/PerseusPOMDP

Perseus solver for olfactory navigation and other POMDPs

Primary LanguagePython

PerseusPOMDP

This is an implementation of the Perseus solver (Spaan and Vlassis 2005) for POMDPs, specifically written for the olfactory navigation problem.

Basic classes

A POMDP is defined by an environment class, which should implement, at a minimum, the following attributes:

  • gamma (float)
  • numactions (integer)
  • numobs (integer)
  • obs (list of possible observations)
  • actions (list of possible actions)

and the following functions:

  • stepInTime(): allows for dynamic environments, for our purposes usually trivial
  • get_g(alpha,action): implements Eq. 10 in Spaan and Vlassis
  • getObs(state)
  • getReward(state,action)

It is often useful to also implement:

  • transition(state,action): yields a new state after the agent takes an action
  • transition_function(belief,action): returns obs probabilities ${\rm Pr}(o|b,a)$ and Bayes updates $\tau(b,a,o)$. used primarily for backup prioritization (Shani et al. 2006).

A number of environments are implemented in environment.py, most notably SimpleEnv2D, which is the basic class for 2D olfactory search. Other benchmark POMDPs (TigerGrid, Bayesian Bandits, and Tag) are also implemented but have not been tested recently, so no guarantees are made concerning their continued functionality.

To explore the environment, you need an Agent class member, which takes actions, makes observations, and maintains a belief over states. A function `updateBelief(obs)' must be implemented on a case-by-case basis in order to tell the agent how to do the Bayesian update.

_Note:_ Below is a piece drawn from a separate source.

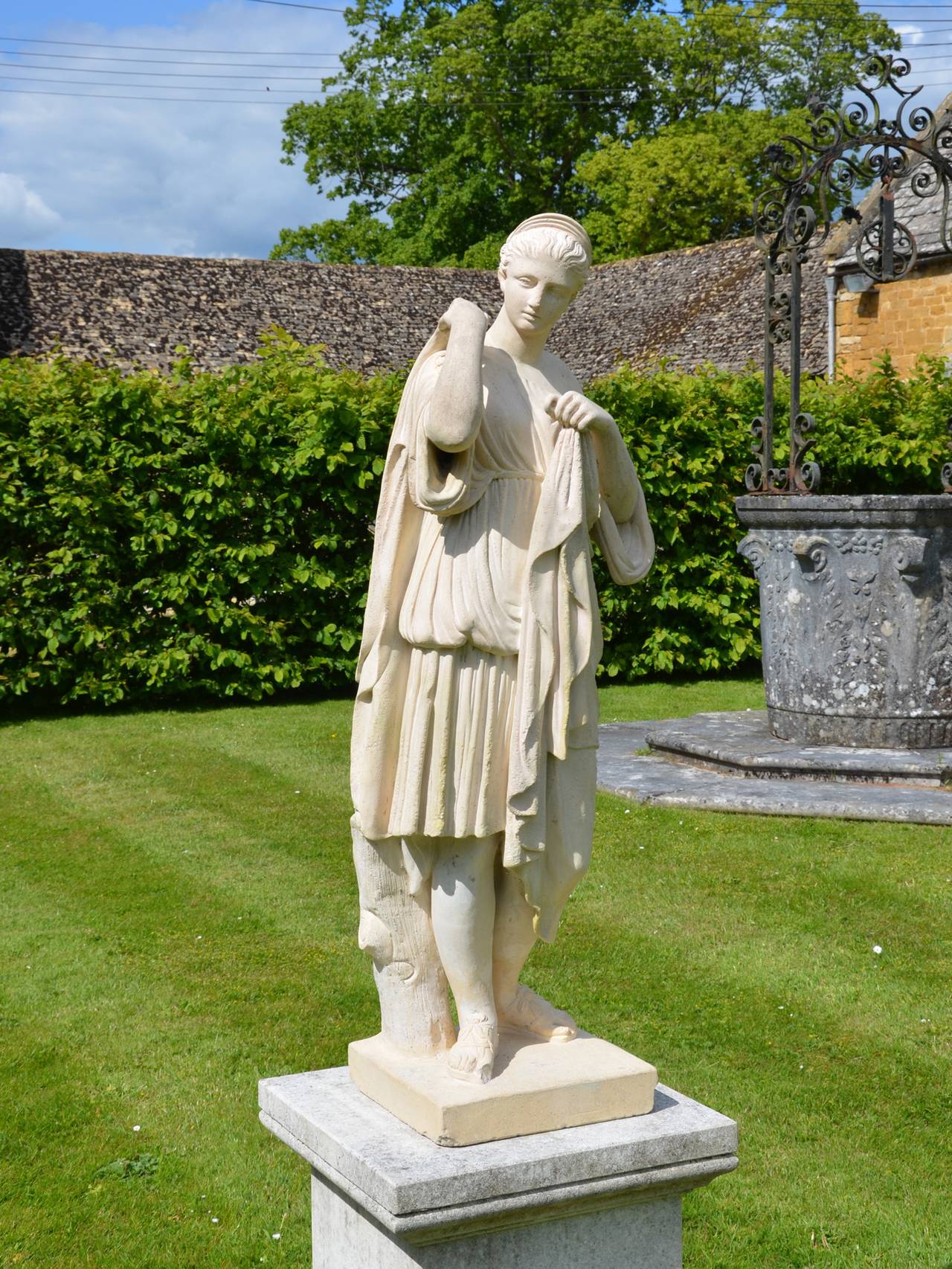 English 19th Century Terracotta Figure of Diana De Gabies For Sale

The Agent needs a policy. Policy classes are implemented in policy.py and include many heuristics, as well as policies which are greedy with respect to a value function. The basic function to implement for a policy is getAction(belief).

Perseus

Perseus is implemented in perseus_redux.py. The basic object is a ValueFunction, which consists at its core of a collection of alpha-vectors, called alpha_vec in the code. The function computeOptimal() performs some number of backup iteration steps, terminating either by some choice of convergence tolerance or simply for a specified number of iterations. It is also possible to load previously computed value functions, either using load(file) (from a pickled ValueFunction object) or load_alphas(list) (from a list of alpha_vec objects).

Usage

Two examples of usage are given in main.py, used to construct policies in an isotropic environment with multiple possible detections, and main_windy.py, used to construct policies in a windy environment with one possible detection.

POMDP files

A few 2D search problems have also been included as .pomdp files, using Tony Cassandra's format. These problems are benchmarked in Loisy and Heinonen (2023).